Quote:
Originally Posted by Crumpp
The major change is the cylinder heads. Without those, you are going to have cracking.
Exactly. It specifies the four types of plugs which may be used for 100 Octane. You would have to look the spark plugs authorized for 87 Octane and see if any of them match the part numbers.
I actually have to put the certificate that comes with a set of plugs in the logbook of the aircraft we work on and sign it. It is a required entry and the certificate must state the plugs are authorized to use in the aircraft.
Aircraft maintenace is very tightly controlled by convention.
|
Ok, so if you were running a spitfire with 100 oct would you have to change the plugs drain the tanks, clean out the fuel pipes etc before putting 87 in it?

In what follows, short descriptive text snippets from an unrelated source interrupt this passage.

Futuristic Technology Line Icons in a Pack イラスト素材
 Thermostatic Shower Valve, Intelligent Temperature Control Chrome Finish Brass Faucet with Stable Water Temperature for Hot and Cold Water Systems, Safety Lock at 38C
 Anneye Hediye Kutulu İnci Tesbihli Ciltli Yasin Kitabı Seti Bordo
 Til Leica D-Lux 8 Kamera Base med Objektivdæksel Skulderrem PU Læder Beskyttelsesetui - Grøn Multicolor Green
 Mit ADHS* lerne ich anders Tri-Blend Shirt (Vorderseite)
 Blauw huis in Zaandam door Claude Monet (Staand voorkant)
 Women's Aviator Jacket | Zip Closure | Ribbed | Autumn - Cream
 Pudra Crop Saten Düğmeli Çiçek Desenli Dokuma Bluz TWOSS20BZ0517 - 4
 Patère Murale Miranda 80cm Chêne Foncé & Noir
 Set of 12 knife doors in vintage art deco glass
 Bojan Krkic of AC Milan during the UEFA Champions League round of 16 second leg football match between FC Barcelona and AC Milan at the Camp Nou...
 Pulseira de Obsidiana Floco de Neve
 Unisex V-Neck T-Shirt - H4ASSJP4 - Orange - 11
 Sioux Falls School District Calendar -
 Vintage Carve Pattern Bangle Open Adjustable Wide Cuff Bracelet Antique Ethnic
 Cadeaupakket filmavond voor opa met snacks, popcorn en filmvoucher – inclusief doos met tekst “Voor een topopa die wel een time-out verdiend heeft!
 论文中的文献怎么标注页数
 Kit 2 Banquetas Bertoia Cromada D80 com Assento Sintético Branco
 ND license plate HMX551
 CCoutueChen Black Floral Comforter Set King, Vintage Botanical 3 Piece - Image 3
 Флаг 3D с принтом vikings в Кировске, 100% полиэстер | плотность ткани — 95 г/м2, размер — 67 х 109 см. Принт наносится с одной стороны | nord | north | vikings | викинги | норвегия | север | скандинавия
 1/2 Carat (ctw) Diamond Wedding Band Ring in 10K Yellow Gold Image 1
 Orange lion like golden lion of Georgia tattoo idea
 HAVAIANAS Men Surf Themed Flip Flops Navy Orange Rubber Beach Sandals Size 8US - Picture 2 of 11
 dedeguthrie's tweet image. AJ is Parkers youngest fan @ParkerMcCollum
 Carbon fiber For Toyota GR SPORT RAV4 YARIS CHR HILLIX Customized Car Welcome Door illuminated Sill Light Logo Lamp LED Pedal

What I'd like to know is, once the engine was converted was that it.. Did it stay as a 100 oct only engine? Earlier in the thread there were comments to the effect that they used both fuel types in the same machines. I find this hard to believe.
It's an important point because if it's a big job to change fuels then surely it makes no operational sense to switch, that also would mean that if a spit landed at an airfield other than it's own( a common occurrence during BoB) and they didn't have 100 octane then that's one machine out of action.
Logically this makes no sense. You'd only convert if you were confident that it wouldn't impact on operations. This is speculation on my part, just a thought bubble really.